In translation: you need to look just right to see this anomaly, and there are often anomalies like this one without quakes. Over four years they saw 24 anomalies, only one shortly before a quake.  Six complete false positives per year is obviously too many.  Suppose future research could refine what the signal looks like and reduce the false positives by a factor of ten: that’s still evacuation alarms with no quake more than once every two years. I’m pretty sure that’s still too many.

 

Siberian hamsters or Asian gerbils

Every year or so there is a news story along the lines of”Everything you know about the Black Death is Wrong”. I’ve just been reading a couple of excellent posts  by Alison Atkin on this year’s one.

The Herald’s version of the story (which they got from the Independent) is typical (but she has captured a large set of headlines)

The Black Death has always been bad publicity for rats, with the rodent widely blamed for killing millions of people across Europe by spreading the bubonic plague.

But it seems that the creature, in this case at least, has been unfairly maligned, as new research points the finger of blame at gerbils.

and

The scientists switched the blame from rat to gerbil after comparing tree-ring records from Europe with 7711 historical plague outbreaks.

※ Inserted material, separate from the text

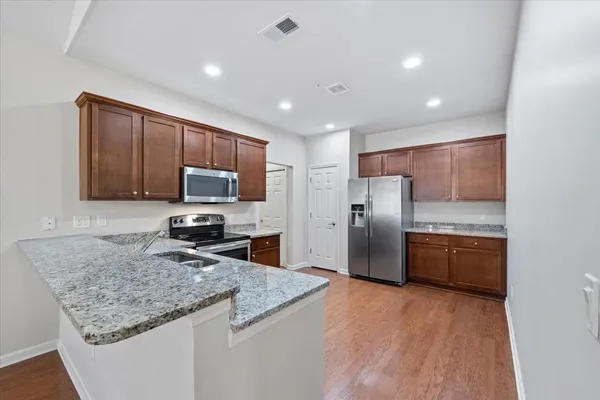 $249,900 | 1647 West Southfield Circle, Memphis, TN 38016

That isn’t what the research paper (in PNAS) says. And it would be surprising if it did: could it really be true that Asian gerbils were spreading across Europe for centuries without anyone noticing?

The abstract of the paper says

The second plague pandemic in medieval Europe started with the Black Death epidemic of 1347–1353 and killed millions of people over a time span of four centuries. It is commonly thought that after its initial introduction from Asia, the disease persisted in Europe in rodent reservoirs until it eventually disappeared. Here, we show that climate-driven outbreaks of Yersinia pestis in Asian rodent plague reservoirs are significantly associated with new waves of plague arriving into Europe through its maritime trade network with Asia. This association strongly suggests that the bacterium was continuously reimported into Europe during the second plague pandemic, and offers an alternative explanation to putative European rodent reservoirs for how the disease could have persisted in Europe for so long.

If the researchers had found repeated, prevously unsuspected, invasions of Europe by hordes of gerbils, they would have said so in the abstract. They don’t. Not a gerbil to be seen.

The hypothesis is that plague was repeatedly re-imported from Asia (where affected a lots of species, including, yes, gerbils) to European rats, rather than persisting at low levels in European rats between the epidemics. Either way, once the epidemic got to Europe, it’s all about the rats [update: and other non-novel forms of transmission]

In this example, for a change, it doesn’t seem that the press release is responsible. Instead, it looks like progressive mutations in the story as it’s transmitted, with the great gerbil gradually going from an illustrative example of a plague host in Asia to the rodent version of Attila the Hun.

Two final remarks. First, the erroneous story is now in the Wikipedia entry for the great gerbil (with a citation to the PNAS paper, so it looks as if it’s real). Second, when the story is allegedly about the confusion between two species of rodent, it’s a pity the Herald stock photo isn’t the right species.